February marks Ovarian Cancer Awareness month and this year, women are working together to demand action from the government.
The disease kills more women every year than melanoma or the national road toll. Yet advocates say there is a significant lack of resources and awareness from the Ministry of Health, despite staggering statistics.
“Last year, research showed that over a decade the survival of ovarian cancer had improved less in New Zealand than Australia and the US,” says Ovarian Cancer Awareness, Australia New Zealand Gynaecological Cancer Group.
Ovarian cancer support and advocacy groups are urging people to contact their local MPs, in the hope of raising awareness and generating action.
Three key areas: diagnosis, medication, research
The groups have called out three vital areas for improvement when it comes to the diagnosis and treatment of ovarian cancer.
Tash Crosby, founder of Talk Peach Gynaecological Cancer Foundation, is one of the lucky survivors – being one of only 15% of women caught at Stage One.
“Early diagnosis is key, because many women take 12 months or even longer to receive a correct diagnosis, and often by then the disease has developed into less treatable stages,” she says.

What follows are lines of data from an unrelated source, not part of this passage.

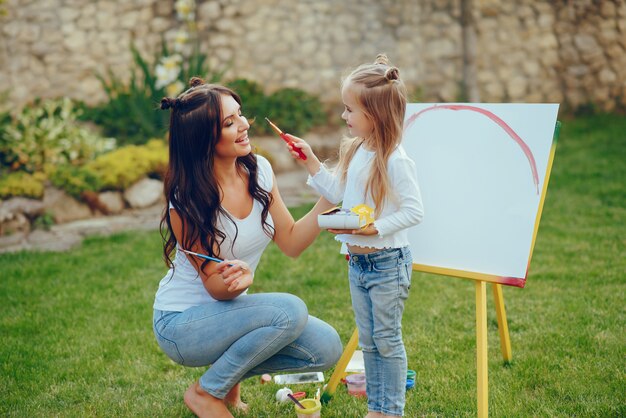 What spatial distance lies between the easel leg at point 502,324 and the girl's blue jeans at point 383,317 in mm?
582

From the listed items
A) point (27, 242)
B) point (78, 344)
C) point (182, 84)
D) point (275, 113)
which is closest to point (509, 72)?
point (275, 113)

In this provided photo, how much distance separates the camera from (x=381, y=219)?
2391mm

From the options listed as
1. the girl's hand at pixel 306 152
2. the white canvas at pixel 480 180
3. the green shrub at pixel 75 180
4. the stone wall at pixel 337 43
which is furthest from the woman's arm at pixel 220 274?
the stone wall at pixel 337 43

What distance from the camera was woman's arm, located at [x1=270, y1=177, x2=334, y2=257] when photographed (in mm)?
2768

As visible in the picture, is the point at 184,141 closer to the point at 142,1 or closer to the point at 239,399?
the point at 239,399

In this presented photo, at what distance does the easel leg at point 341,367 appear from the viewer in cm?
282

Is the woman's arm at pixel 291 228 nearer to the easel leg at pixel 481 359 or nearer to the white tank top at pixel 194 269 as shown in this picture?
the white tank top at pixel 194 269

She goes on to point out the shocking statistics around diagnosis. “80% of women with ovarian cancer will be initially misdiagnosed by their doctors… Contrary to popular opinion, there is no screening test. A cervical smear test does not detect ovarian cancer although a combined blood test and ultrasound is a very accurate method of detecting ovarian cancer in women with symptoms.”

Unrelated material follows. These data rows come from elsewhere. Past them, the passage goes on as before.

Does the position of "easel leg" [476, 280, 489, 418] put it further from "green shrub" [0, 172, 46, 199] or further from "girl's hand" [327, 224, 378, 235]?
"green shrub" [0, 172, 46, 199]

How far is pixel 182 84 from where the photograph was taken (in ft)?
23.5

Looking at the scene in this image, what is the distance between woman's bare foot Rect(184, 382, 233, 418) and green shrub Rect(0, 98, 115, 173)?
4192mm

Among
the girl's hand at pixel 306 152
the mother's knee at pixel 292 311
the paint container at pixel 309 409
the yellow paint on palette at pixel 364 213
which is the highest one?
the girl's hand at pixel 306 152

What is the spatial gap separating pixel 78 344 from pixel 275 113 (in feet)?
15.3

Funding of medication is another big issue. “So many other treatments that form part of the standard of care overseas for women overseas (such as Avastin) remain unfunded,” says Rachel Wilson, founder of the Gynaecological Cancer Foundation of New Zealand. “Women shouldn’t have to choose between bankrupting their families or spending more time with them.”
Research is the third area that must be addressed, say advocates. Since 2005 Australian women have had access to 139 ovarian cancer clinical trials compared to just 22 in New Zealand.

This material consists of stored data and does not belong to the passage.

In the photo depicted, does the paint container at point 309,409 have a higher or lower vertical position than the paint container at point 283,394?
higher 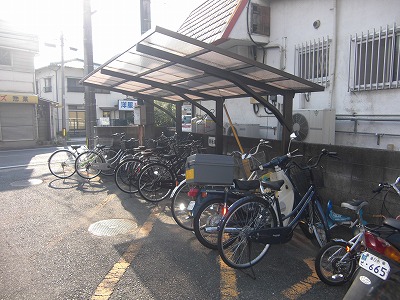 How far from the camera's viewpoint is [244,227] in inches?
145

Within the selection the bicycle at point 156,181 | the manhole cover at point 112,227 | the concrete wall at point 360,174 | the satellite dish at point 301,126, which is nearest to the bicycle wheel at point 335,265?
the concrete wall at point 360,174

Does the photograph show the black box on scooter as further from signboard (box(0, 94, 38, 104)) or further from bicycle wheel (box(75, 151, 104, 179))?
signboard (box(0, 94, 38, 104))

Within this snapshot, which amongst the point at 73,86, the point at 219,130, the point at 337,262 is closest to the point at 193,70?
the point at 219,130

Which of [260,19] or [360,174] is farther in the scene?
[260,19]

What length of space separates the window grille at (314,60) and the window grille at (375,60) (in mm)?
629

“We applaud the recent announcement of the Australian government targeted research funding – allocating an additional $20 million for ovarian cancer and $15 million for gynaecological clinical trials – and call on the New Zealand government to urgently commit $10 million for ovarian cancer specific research,” says Jane, founder of the charity Cure Our Ovarian Cancer.
“It’s not OK for any government to keep looking the other way when it comes to this cancer – we’re saying it’s time our voices are heard.”